Managed Income Strategy
Since the end of December, high yield spreads seem to be on the rise again and have surpassed November 2021 levels, shown in Figure 3. Despite the current strong economy and projected low default rates, market participants are worried that the Federal Reserve will be forced to tighten policy conditions more aggressively than expected to combat inflation. If this happens and the economy slows down, default rate expectations could readjust upwards and adversely affect high yield bond prices. Our Managed Income Strategy has maintained a risk-off posture since the end of November.

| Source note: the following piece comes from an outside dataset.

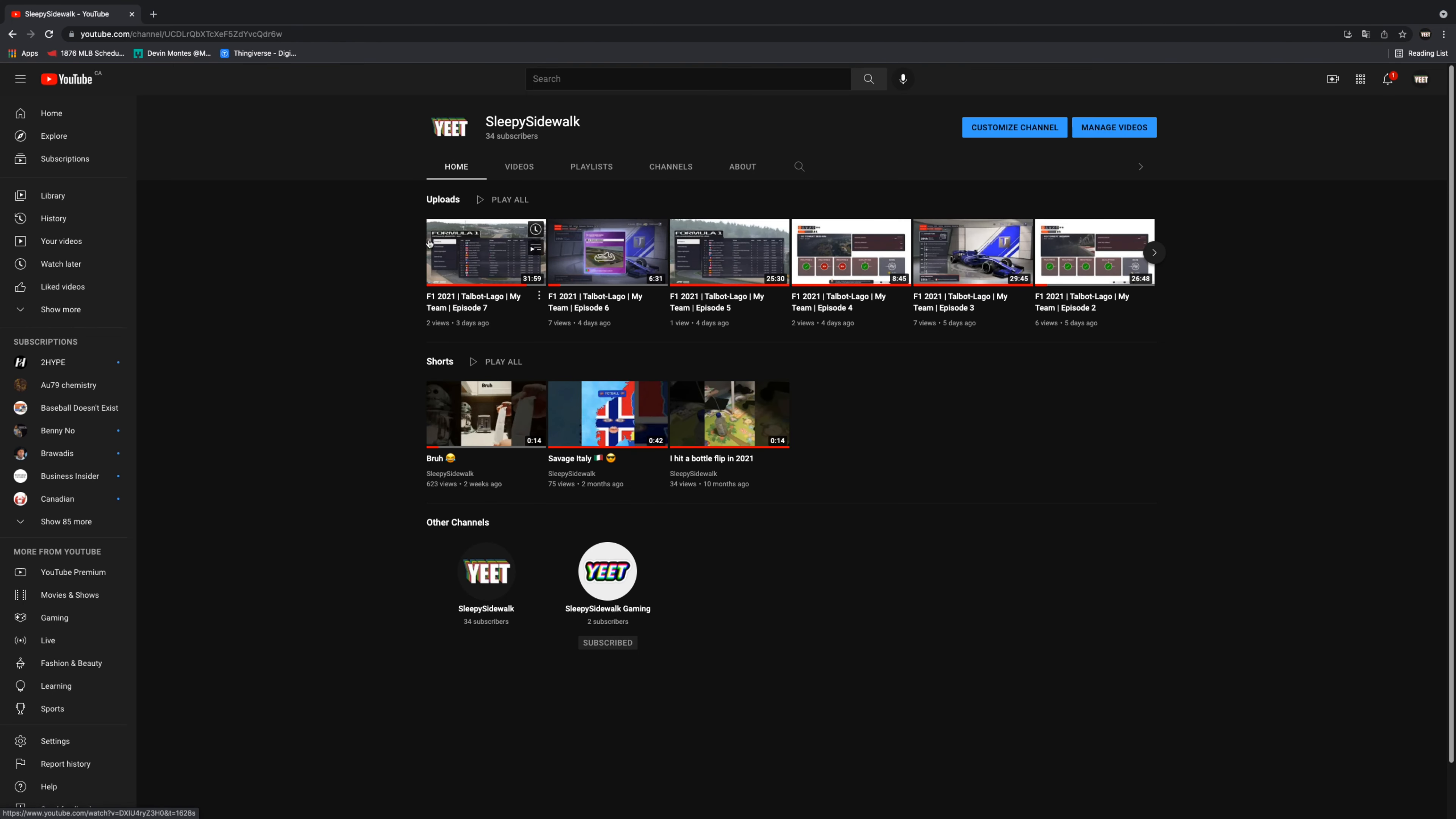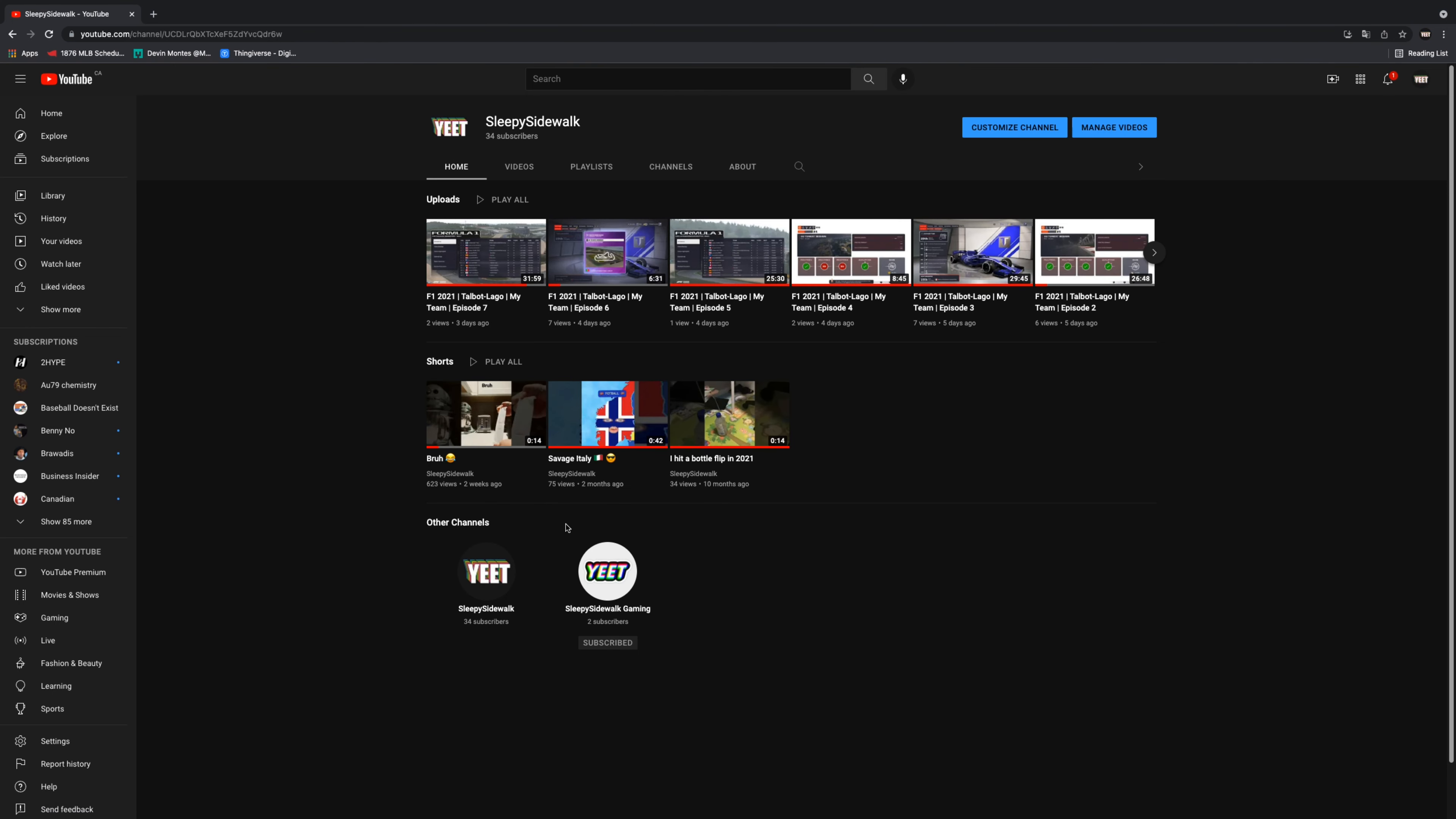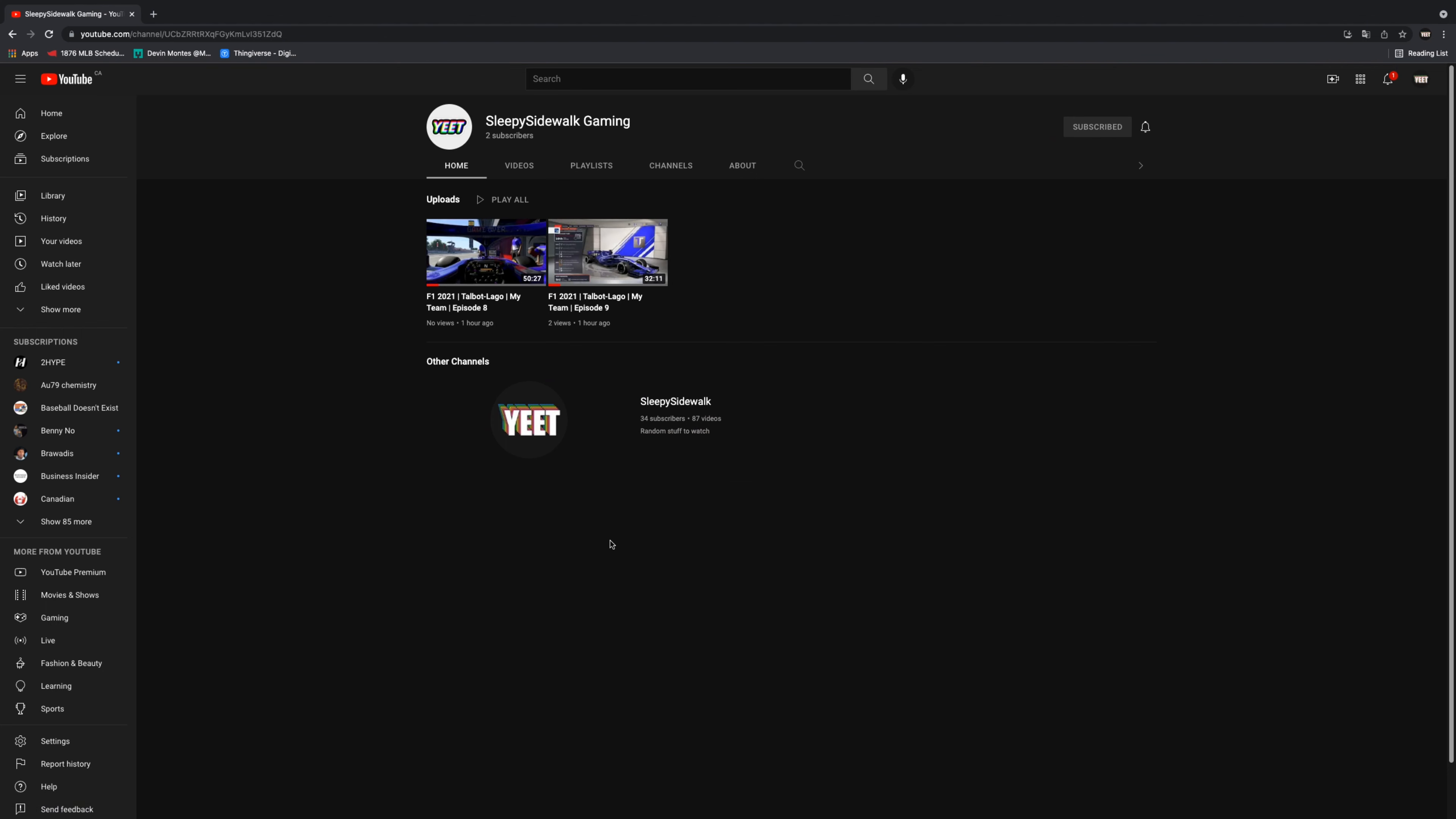You can also go back to my channel if you check the Channels tab on the gaming channel. Thanks for watching. You can go and subscribe, and now you can find my channel.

If high yield spreads continue to rise, our model will likely keep positioning risk-off.
Figure 3. Data provided by Bloomberg Financial L.P.
Kensington Asset Management
Considering the Federal Reserve’s hawkish stance, we at Kensington Asset Management believe that active management of investments will be crucial in navigating the current macroeconomic environment. At Kensington, we have utilized quantitative methodologies to tactically capture trends and mitigate drawdowns in times of stress for our clients over the past 30 years. As this year progresses, we will be vigilant and adhere to our process, and we thank our clients for their trust in us.